REQUIRED ACTION: Locate the line that contains "Used 2024 Gray Chevrolet RST image 51" in the entries below, then repeat it and every following line through the line that contains "Investigadores hallan evidencias", exactly, and no others.

-----

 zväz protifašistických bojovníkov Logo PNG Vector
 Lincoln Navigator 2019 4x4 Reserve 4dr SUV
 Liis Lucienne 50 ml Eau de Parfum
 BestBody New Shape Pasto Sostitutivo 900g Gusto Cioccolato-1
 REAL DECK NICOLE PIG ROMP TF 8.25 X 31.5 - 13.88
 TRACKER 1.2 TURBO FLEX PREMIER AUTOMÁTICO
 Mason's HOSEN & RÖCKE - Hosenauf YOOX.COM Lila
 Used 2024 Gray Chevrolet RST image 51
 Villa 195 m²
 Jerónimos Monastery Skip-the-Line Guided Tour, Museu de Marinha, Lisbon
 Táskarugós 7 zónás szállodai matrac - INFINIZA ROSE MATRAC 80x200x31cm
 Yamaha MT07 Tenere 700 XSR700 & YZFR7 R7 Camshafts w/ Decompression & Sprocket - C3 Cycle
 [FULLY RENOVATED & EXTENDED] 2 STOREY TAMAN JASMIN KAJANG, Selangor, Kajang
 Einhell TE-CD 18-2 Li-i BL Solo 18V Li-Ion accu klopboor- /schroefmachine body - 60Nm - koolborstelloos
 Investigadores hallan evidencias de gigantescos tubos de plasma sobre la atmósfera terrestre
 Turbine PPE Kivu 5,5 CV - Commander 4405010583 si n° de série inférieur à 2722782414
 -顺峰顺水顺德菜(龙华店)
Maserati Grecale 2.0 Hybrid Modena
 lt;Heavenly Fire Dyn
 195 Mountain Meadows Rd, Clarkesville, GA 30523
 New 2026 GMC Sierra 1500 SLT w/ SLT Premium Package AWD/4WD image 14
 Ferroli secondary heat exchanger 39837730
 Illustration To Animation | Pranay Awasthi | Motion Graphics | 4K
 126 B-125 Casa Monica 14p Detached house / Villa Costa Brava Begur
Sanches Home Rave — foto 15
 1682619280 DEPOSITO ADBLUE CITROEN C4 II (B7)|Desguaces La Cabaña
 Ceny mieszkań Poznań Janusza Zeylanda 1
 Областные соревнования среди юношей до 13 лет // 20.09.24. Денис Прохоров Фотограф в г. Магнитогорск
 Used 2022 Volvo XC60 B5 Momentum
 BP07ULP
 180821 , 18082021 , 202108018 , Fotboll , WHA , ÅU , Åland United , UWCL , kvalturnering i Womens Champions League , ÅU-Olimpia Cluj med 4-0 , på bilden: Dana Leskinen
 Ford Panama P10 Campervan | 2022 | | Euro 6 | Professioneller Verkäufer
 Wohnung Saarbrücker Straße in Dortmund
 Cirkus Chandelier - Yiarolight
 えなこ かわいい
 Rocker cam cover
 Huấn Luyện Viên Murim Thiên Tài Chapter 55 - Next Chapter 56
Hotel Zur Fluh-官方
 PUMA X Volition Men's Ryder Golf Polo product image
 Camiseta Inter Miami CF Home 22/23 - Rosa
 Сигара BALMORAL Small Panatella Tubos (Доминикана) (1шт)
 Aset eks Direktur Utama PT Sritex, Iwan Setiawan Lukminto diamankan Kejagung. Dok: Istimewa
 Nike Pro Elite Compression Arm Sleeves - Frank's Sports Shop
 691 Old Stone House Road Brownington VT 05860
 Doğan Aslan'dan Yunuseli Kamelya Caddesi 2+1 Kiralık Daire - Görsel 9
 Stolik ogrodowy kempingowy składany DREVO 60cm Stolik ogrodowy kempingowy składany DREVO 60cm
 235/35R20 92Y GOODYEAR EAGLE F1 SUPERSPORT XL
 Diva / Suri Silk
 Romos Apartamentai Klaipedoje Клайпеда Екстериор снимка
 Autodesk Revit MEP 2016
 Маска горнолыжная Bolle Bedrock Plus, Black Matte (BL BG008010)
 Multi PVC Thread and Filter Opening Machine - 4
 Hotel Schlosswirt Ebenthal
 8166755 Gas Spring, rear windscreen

-----

OUTPUT OF THE TASK:
 Used 2024 Gray Chevrolet RST image 51
 Villa 195 m²
 Jerónimos Monastery Skip-the-Line Guided Tour, Museu de Marinha, Lisbon
 Táskarugós 7 zónás szállodai matrac - INFINIZA ROSE MATRAC 80x200x31cm
 Yamaha MT07 Tenere 700 XSR700 & YZFR7 R7 Camshafts w/ Decompression & Sprocket - C3 Cycle
 [FULLY RENOVATED & EXTENDED] 2 STOREY TAMAN JASMIN KAJANG, Selangor, Kajang
 Einhell TE-CD 18-2 Li-i BL Solo 18V Li-Ion accu klopboor- /schroefmachine body - 60Nm - koolborstelloos
 Investigadores hallan evidencias de gigantescos tubos de plasma sobre la atmósfera terrestre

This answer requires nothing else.